ORA completes Oblouková 171, a mixed-use townhouse in the historic centre of Žatec, Czech Republic, bringing together guest accommodation, a holiday home for the owners, and a taproom. The project carries a personal history, as the house belonged to the family for generations after the owners’ great-great-grandparents moved to Žatec in the 1920s. After decades of family use, the building fell into disuse following the Velvet Revolution, then suffered further damage through unsuccessful renovation attempts. By the time the house returned to the family through inheritance, it had a leaking roof, collapsing ceilings, missing roof-truss sections, and aggressive dry rot.
HOUSING
The renovation took eight years, shaped by limited funds, the condition of the building, a shortage of traditional craft knowledge, and the delays brought by COVID-19. ORA approached the house through direct engagement with materials and construction methods, learning through the building itself. Lime plaster, recycled timber, repaired vaults, uneven walls, and hand-finished surfaces became part of a process that accepted imperfection as a structural and visual quality. The architects worked closely with heritage preservation experts, creating a renovation that respects the house while allowing it to continue as a living building.

Stabilization came first. Steel tie rods reinforced the structure, a collapsed vault was rebuilt by a master mason, and a damaged ceiling was replaced where water had entered the building. The most demanding task involved the three-tiered hop-drying attic, a structure typical of Žatec and likely connected to the town’s hop culture. Local companies hesitated to take on the repair, so the architects turned to specialized craftspeople who restored the roof truss and gave the attic back its architectural force. This decision became central to the project’s attitude: the house required patience, but it also rewarded care.

Reuse plays a major role throughout the renovation. ORA incorporated old floor tiles, doors, beams, and bricks gathered from other sites, sometimes from demolished houses or discarded construction material. Rotten ceiling elements were replaced with hand-hewn beams from a demolished house in Vrbovec, while red marble tiles were rescued from a demolition container and transported in small batches. The passageway uses cleaned tiles from a South Bohemian farmstead, and the courtyard features Šatov tiles that had remained unused for decades. These materials reduce cost while giving the house a layered continuity, where original and introduced elements sit close together.

New interventions enter the project with restraint. Under centuries-old floor tiles, the house now contains underfloor heating; behind uneven plaster, it carries modern utilities. New fire-rated doors were required for current standards, so ORA designed custom solid ash doors that reinterpret traditional paneling through contemporary craft. The windows follow classic profiles, while altered openings receive new versions designed by the architect. On the street-facing façade, the studio addressed damage from the 1990s, when earlier detailing had been stripped away. After finding photographic fragments of the original elevation, ORA reintroduced cornices and suprafenestras in simplified form, restoring proportion without turning the façade into a replica.

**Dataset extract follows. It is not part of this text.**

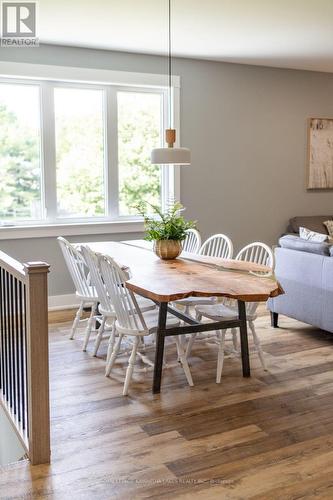 10 King Street, Kawartha Lakes, ON - Indoor Photo Showing Dining Room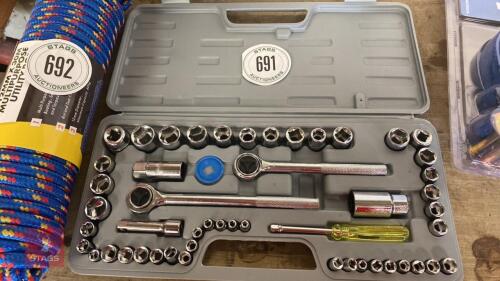 SOCKET SET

The completed house works through quiet continuity. Old floors remain uneven and tactile, with worn planks and knots polished by generations of use. New painted “carpets” in linseed oil paint add another layer that will fade with time. The taproom connects the project to Žatec’s identity as a town known for hops, while the accommodation gives the building a public role within a historic centre now linked to UNESCO recognition. Oblouková 171 succeeds because it refuses to erase difficulty. ORA treats repair as a slow architectural act, allowing family memory, craft, reuse, and contemporary standards to occupy the same rooms without forcing a clean break between past and present.